Atanu has written three posts as part of a series [1 2 3]. Key points:
What exactly is the role of ICT in any economy? The answer can be succinctly stated as: It reduces transaction costs.
What, you may ask, is transaction costs? The answer is this: pretty much everything is transaction costs, with a little bit of physical stuff thrown in.
Transaction costs are ubiquitous. Consider what happens in any organization, say a car manufacturing firm. Cars are produced by people using machines to transform steel and other stuff. If you add up the costs — labor, material, and machines — the car would not cost all that much. But when you add the fact that there are other people employed by the car firm who have nothing to do with the manufacturing of cars, you realize that they represent transaction costs.

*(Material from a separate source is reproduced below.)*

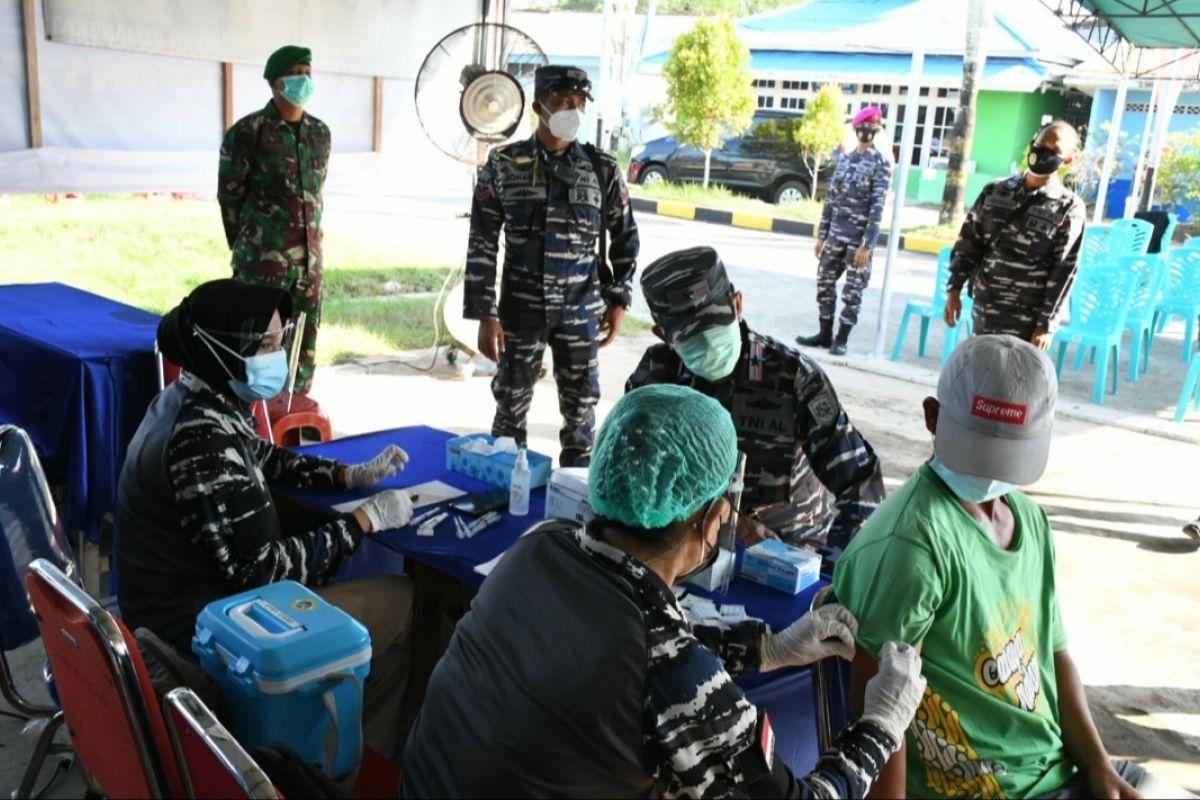 Lantamal XII Pontianak kembali vaksinasi massal ratusan warga di Pemangkat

For instance, you have managers, and accountants, and secretaries, and human resources divisions, … the list goes on. They all represent transaction costs. And the greater the transaction costs, the higher the cost of production. Why do firms exist? Because they reduce transaction costs.
Ultimately, one can explain pretty much all organizations as an attempt to systematically reduce transaction costs. Economies of scale, scope, and agglomeration themselves arise from the reduction of transaction costs.

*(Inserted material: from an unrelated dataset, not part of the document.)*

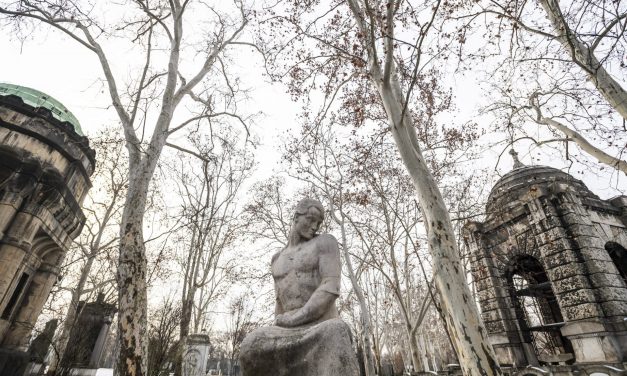 Koszorúzással emlékeztek a száz éve elhunyt Ady Endrére sírjánál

Turning to the issue of developing countries and the use of ICT, the matter central to our discussion. Developing countries are resource constrained and therefore reducing transaction costs is a great way to stretch resources.
A high-quality always-on widely available affordable communications network is an absolutely essential part of the infrastructure for any economy, especially a developing one. Since this requires significant fixed costs and since there are immense positive externalities (network and consumption externalities), the market will underprovide communications networks. Therefore, the provision of a communications network should be subsidized for achieving the socially optimal solution. Conversely, taxing the provision of a communicatins network would have negative consequences. And that is what short-sighted money-grubbing developing country policy makers do: they tax the sector instead of subsidizing it.